* INFORMATION PROVIDED
--

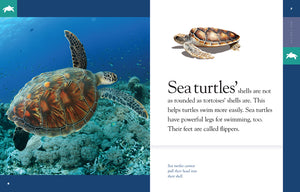 Amazing Animals (2014): Sea Turtles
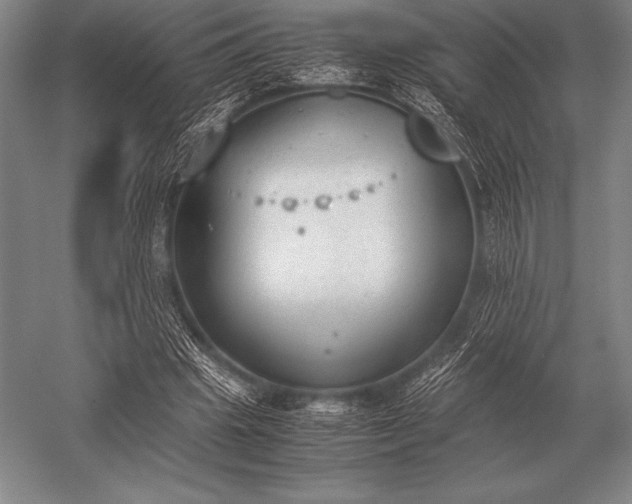 X0000052610441200507081850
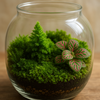 🌿✨苔テラリウムとフィットニアの癒し空間 ─ 小さな森を暮らしに迎える楽しみ方【保存版】
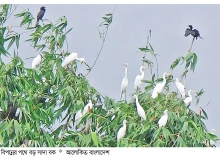 হারিয়ে যাচ্ছে নান্দনিক সৌন্দর্যের প্রতীক বড় সাদা বক  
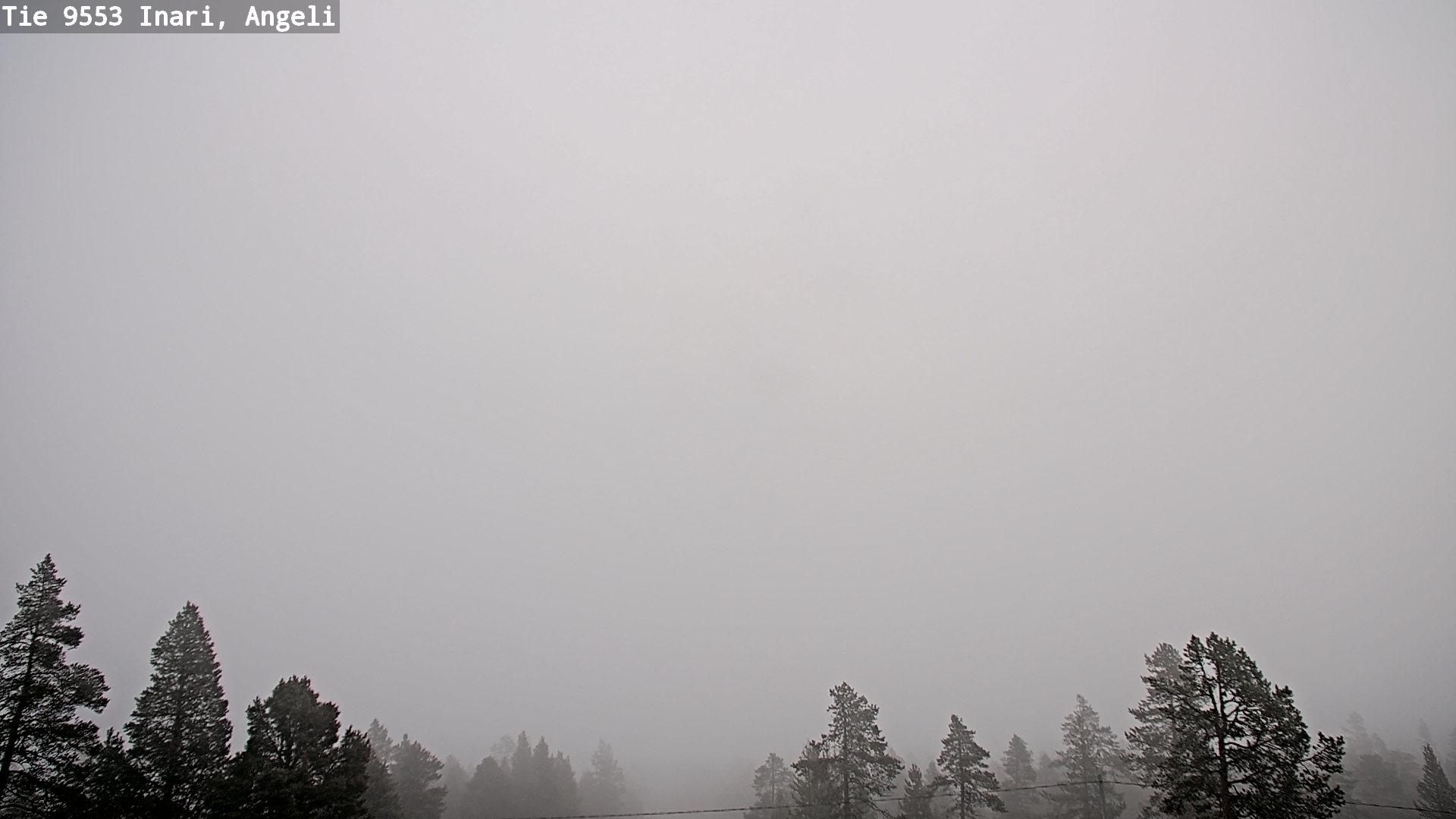 Weather Camera Image Road 9553 Inari, Angeli, Lintupuolivaara, Inari, Lappi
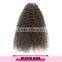 Top Quality Unprocessed Grade 7a Mongolian Kinky Curly Hair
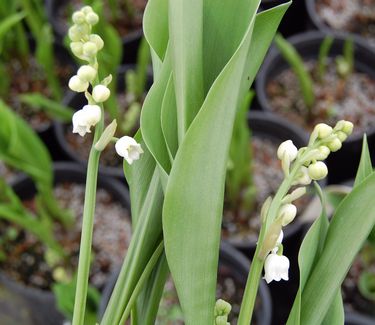 Convallaria majalis - Lily of the Valley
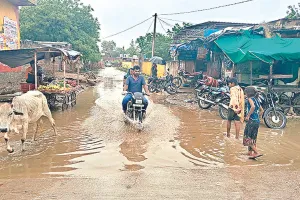 सावंतगढ़ बस स्टैंड बना ताल तलैया, मुश्किल हुआ सफर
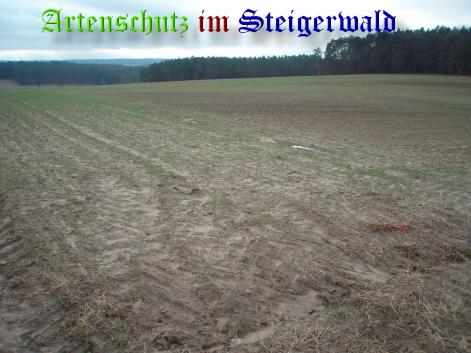 Bild zum Eintrag (22300-160)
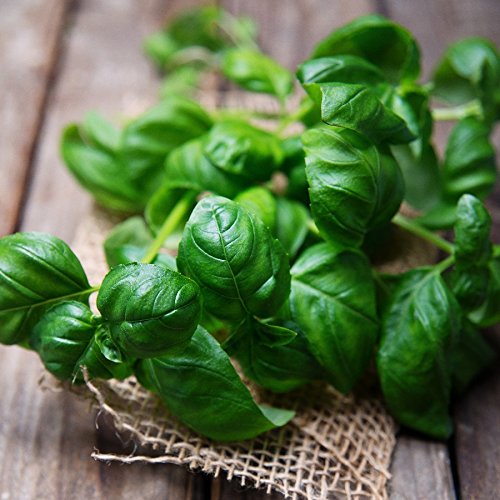 Basil Seeds - Sweet Basil - Ocimum basilicum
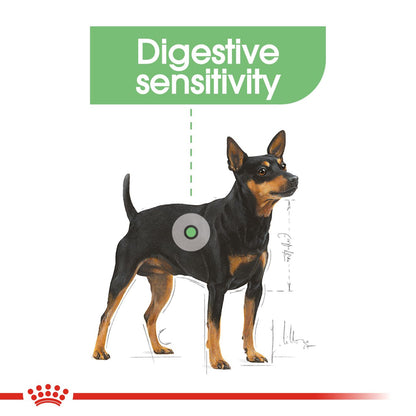 Royal Canin Mini Adult Digestive Care Dog Food 3KG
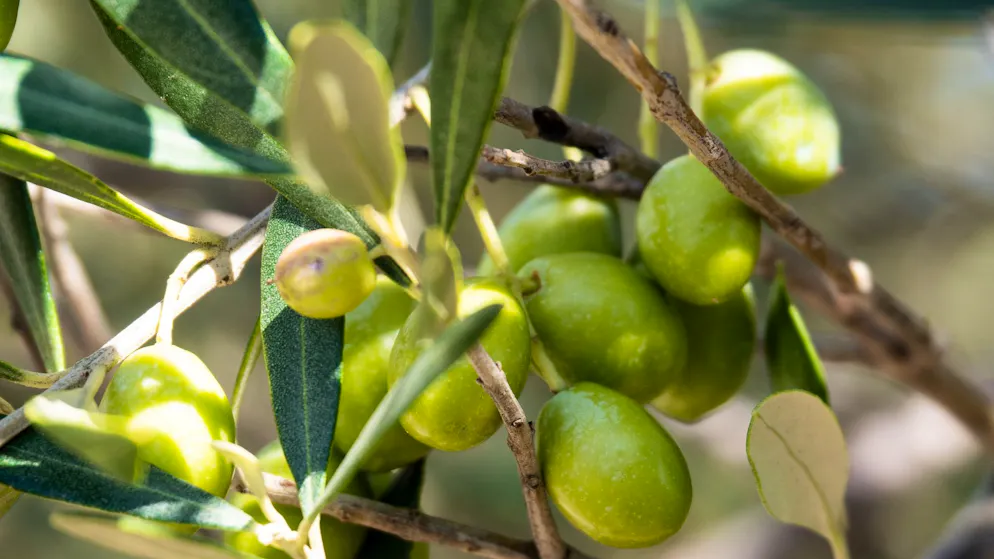 Climate change is changing agriculture. Will there soon be olive groves in Switzerland?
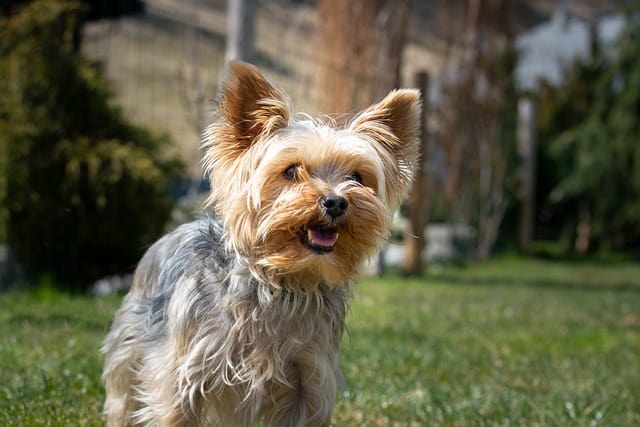 yorkie heat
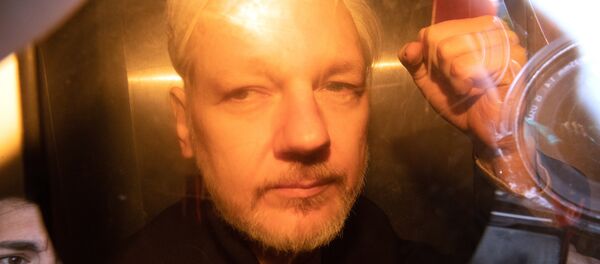 Julian Assange - Sputnik Afrique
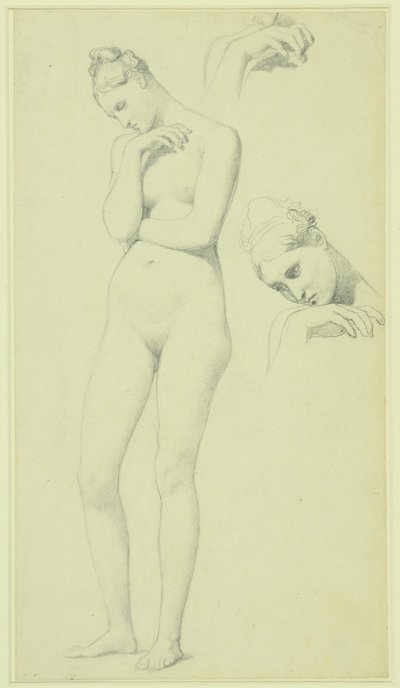 Estudos para a figura de Stratonice, c.1834-40 (lápis sobre papel) de Jean Auguste Dominique Ingres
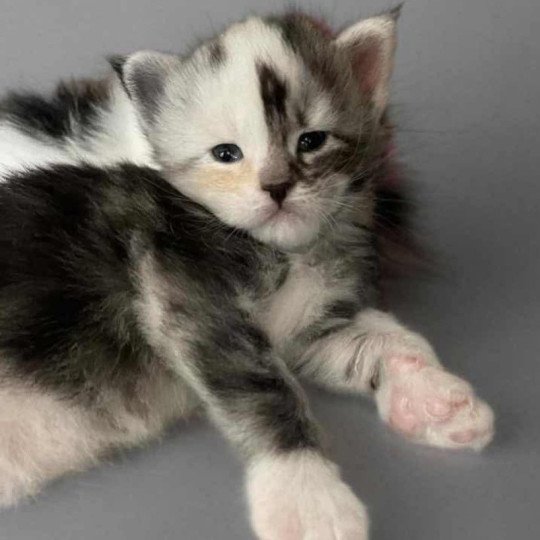 chaton Maine coon black tortie silver blotched tabby & blanc Akira Chatterie Signature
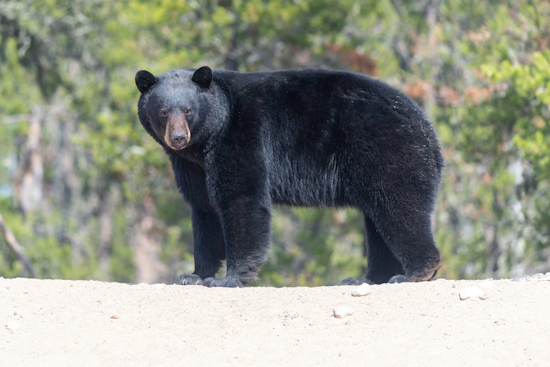 Summer Hill On Edge As Lone Black Bear Roams North Side Streets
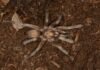 Türkiye’nin yeni tarantula türü tescillendi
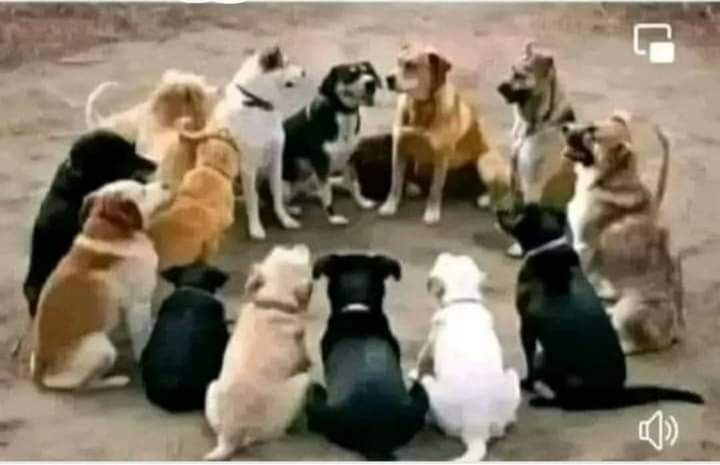 AmitTiw77096526's tweet photo. गांव में जब बकरा पकता है।तो सारे कुत्ते एक दुसरे से सटकर शांति से बैठे रहते हैं।

उनकी एकता की पोल तो हड्डी फेंकने के बाद ही खुलती हैं 😁
@ChandanSharmaG
@iSinghApurva https://t.co/6mqR5Eqxf9
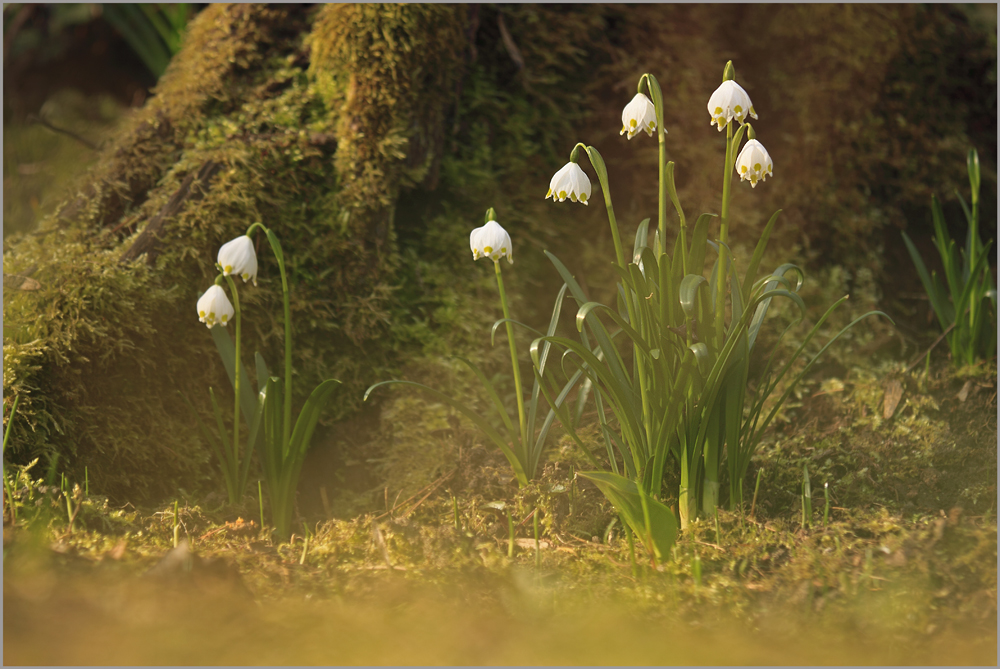 Frühlingsknotenblumen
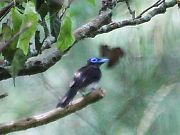 リュウキュウサンコウチョウ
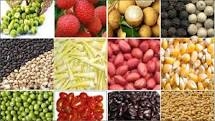 Tổng giá trị xuất khẩu nông sản năm 2016 đạt 32,1 tỷ USD, tăng 5,4% so với năm 2015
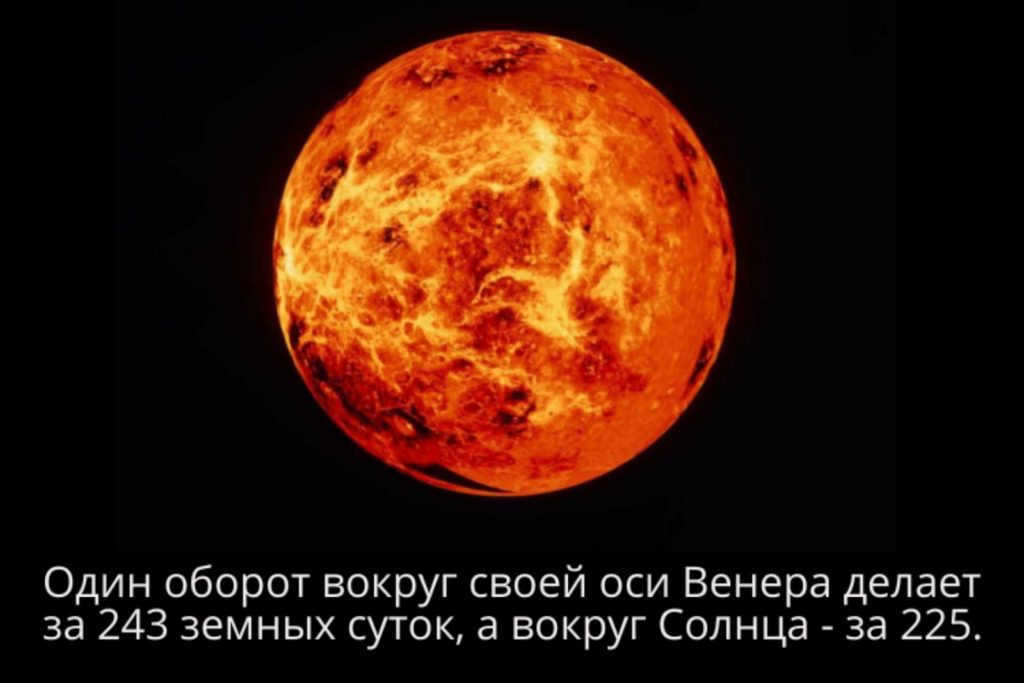 Venus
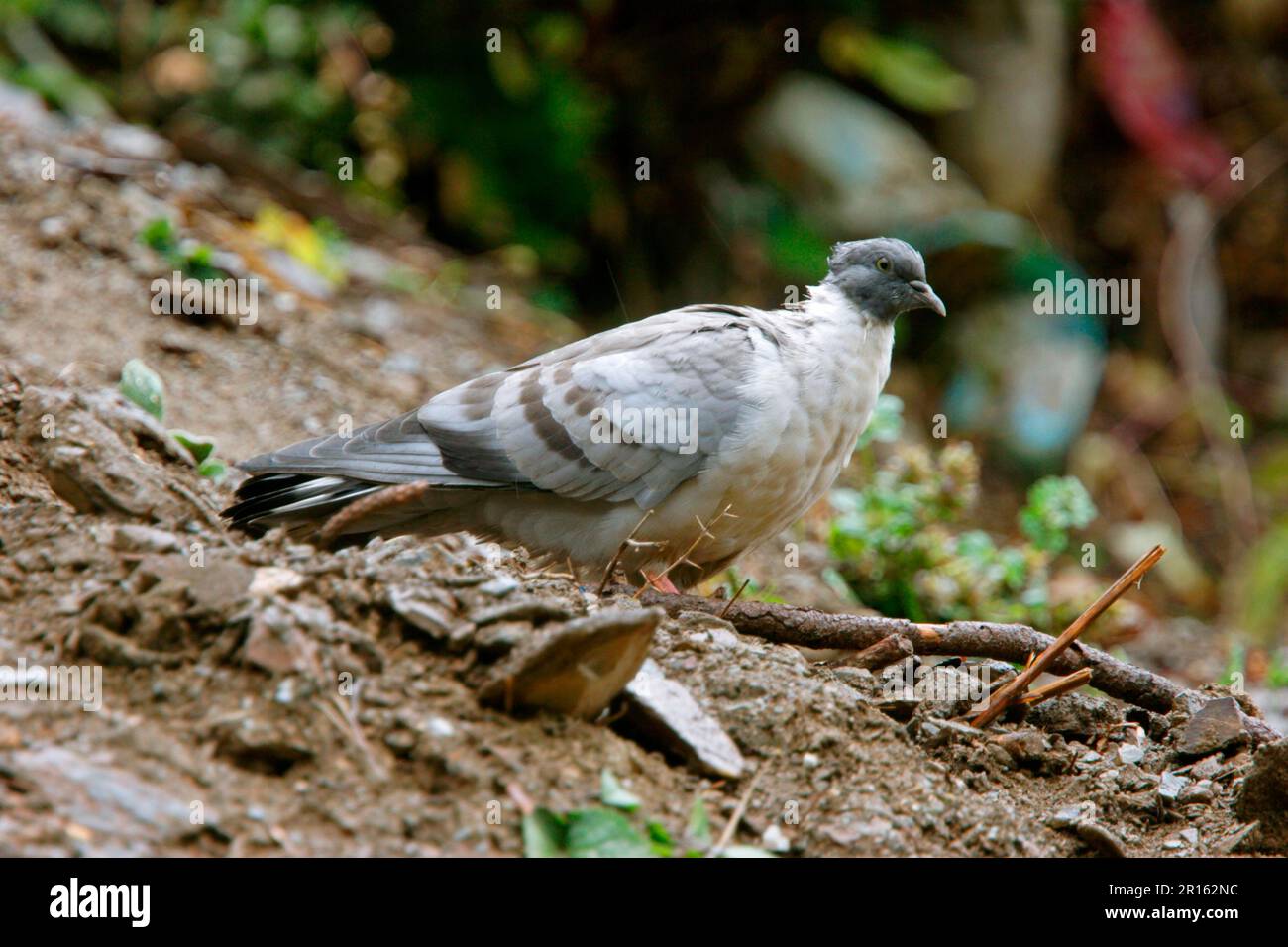 Pigeon à neige (Columba leuconota), pigeon à neige, pigeon à dos blanc, pigeons à neige, pigeons nains, Pigeons à dos blanc, Pigeons, animaux, oiseaux, neige Banque D'Images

--

* YOUR GOAL
For this exercise, set down exactly the lines that run from the line holding "सावंतगढ़ बस स्टैंड" to the last line of the records above; include both end lines and omit pictures.

* SOLUTION FOR THIS PROBLEM
 सावंतगढ़ बस स्टैंड बना ताल तलैया, मुश्किल हुआ सफर
 Bild zum Eintrag (22300-160)
 Basil Seeds - Sweet Basil - Ocimum basilicum
 Royal Canin Mini Adult Digestive Care Dog Food 3KG
 Climate change is changing agriculture. Will there soon be olive groves in Switzerland?
 yorkie heat
 Julian Assange - Sputnik Afrique
 Estudos para a figura de Stratonice, c.1834-40 (lápis sobre papel) de Jean Auguste Dominique Ingres
 chaton Maine coon black tortie silver blotched tabby & blanc Akira Chatterie Signature
 Summer Hill On Edge As Lone Black Bear Roams North Side Streets
 Türkiye’nin yeni tarantula türü tescillendi
 AmitTiw77096526's tweet photo. गांव में जब बकरा पकता है।तो सारे कुत्ते एक दुसरे से सटकर शांति से बैठे रहते हैं।

उनकी एकता की पोल तो हड्डी फेंकने के बाद ही खुलती हैं 😁
@ChandanSharmaG
@iSinghApurva https://t.co/6mqR5Eqxf9
 Frühlingsknotenblumen
 リュウキュウサンコウチョウ
 Tổng giá trị xuất khẩu nông sản năm 2016 đạt 32,1 tỷ USD, tăng 5,4% so với năm 2015
 Venus
 Pigeon à neige (Columba leuconota), pigeon à neige, pigeon à dos blanc, pigeons à neige, pigeons nains, Pigeons à dos blanc, Pigeons, animaux, oiseaux, neige Banque D'Images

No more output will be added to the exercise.